Getting at the many-particle problem—"Urbana style"

Rick Kubetz, Engineering at Illinois
3/14/2016 11:55 AM

Professor David Ceperley
Professor David Ceperley
Professor Brian DeMarco
Professor Brian DeMarco
One of the grandest and most impactful frontiers of physics is the quantum many-particle problem. Scientists today still don’t well understand what happens when many quantum particles—like electrons, protons, and neutrons—come together and interact with each other. This problem spans some of the largest scales in the universe, like understanding the nuclear matter in neutron stars, to the smallest, such as electron transport in photosynthesis and the quarks and gluons inside a proton. 

Now, two teams at the University of Illinois at Urbana Champaign, working together and attacking the problem from different physics disciplines, have shed new light on our understanding of disordered quantum materials. Professor Brian DeMarco and his group perform innovative experiments in atomic, molecular, and optical physics using ultracold atoms trapped in an optical lattice to simulate phenomena in solid materials. Professor David Ceperley and his group work in theoretical condensed matter physics; they perform supercomputing simulations to model phenomena in solid materials.

The two groups collaborated across physics disciplines to understand how disorder in a quantum material gives rise to an exotic quantum state called a Bose glass. The results are published in Nature Physics in the article, “Probing the Bose glass–superfluid transition using quantum quenches of disorder.”

Recently graduated doctoral students Carolyn Meldgin from DeMarco’s group and Ushnish Ray from Ceperley’s group are the lead authors on the paper.

“A Bose glass is a strange and poorly understood insulator that can occur when disorder is added to a superfluid or superconductor,” Meldgin explains.

This figure illustrates puddles of localized quasi-condensates found using a quantum Monte Carlo simulation of trapped atoms in a disordered lattice.  The individual puddles, consisting of 10-20 particles each, are incoherent relative to each other.  The Bose glass is composed of these puddle-like structures.Image courtesy of Ushnish Ray, University of Illinois at Urbana-Champaign
This figure illustrates puddles of localized quasi-condensates found using a quantum Monte Carlo simulation of trapped atoms in a disordered lattice. The individual puddles, consisting of 10-20 particles each, are incoherent relative to each other. The Bose glass is composed of these puddle-like structures.Image courtesy of Ushnish Ray, University of Illinois at Urbana-Champaign
In her experiments, Meldgin was able to use optical disorder to induce a Bose glass, and Ray exactly simulated the experiment using the Titan supercomputer. Ray’s simulation is the largest ever carried out for a disordered quantum material that exactly describes an experiment.
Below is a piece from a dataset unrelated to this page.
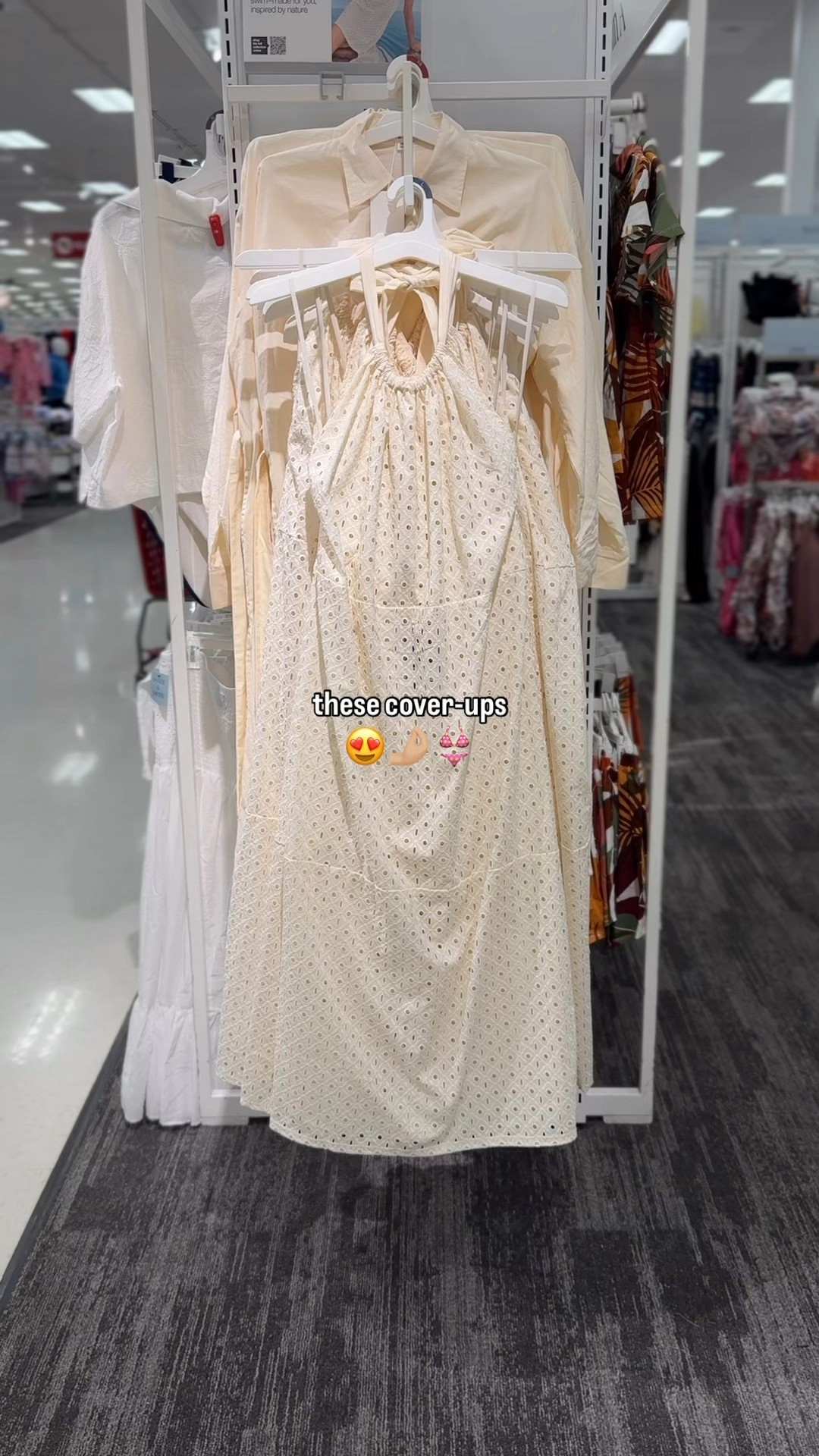 These swimsuit coverups from Vitamin A are all you’ll need this summer! The eyelet detail, the cotton material, and the adjustable ties make these coverups effortlessly chic and elevated for the pool + beach days 😍

#LTKTravel #LTKSummerEdit #LTKSwim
“In both cases, the same amount of disorder is required to turn a superfluid into a Bose glass,” Ray states. “This is critically important to our understanding of disordered quantum materials, which are ubiquitous, since disorder is difficult to avoid.  It also has important implications for quantum annealers, like the D-Wave Systems device.”

In DeMarco’s group’s experiments, the atoms in a gas are cooled to just billionths of a degree above absolute zero temperature in order to experimentally simulate models of materials such as high-temperature superconductors. The atoms play the role of electrons in a material, and the analog of material parameters (like disorder) are completely controlled and known and can be changed every 90-second experimental cycle. Measurements on the atoms are used to expose new physics and test theories.

Demarco comments, “This result was a fantastic collaboration between theory and experiment. Meldgin and Ray were able to show something startling: that a dynamic probe in the experiment connects to the equilibrium computer simulations.  In both cases, the same amount of disorder is required to turn a superconductor into a Bose glass.”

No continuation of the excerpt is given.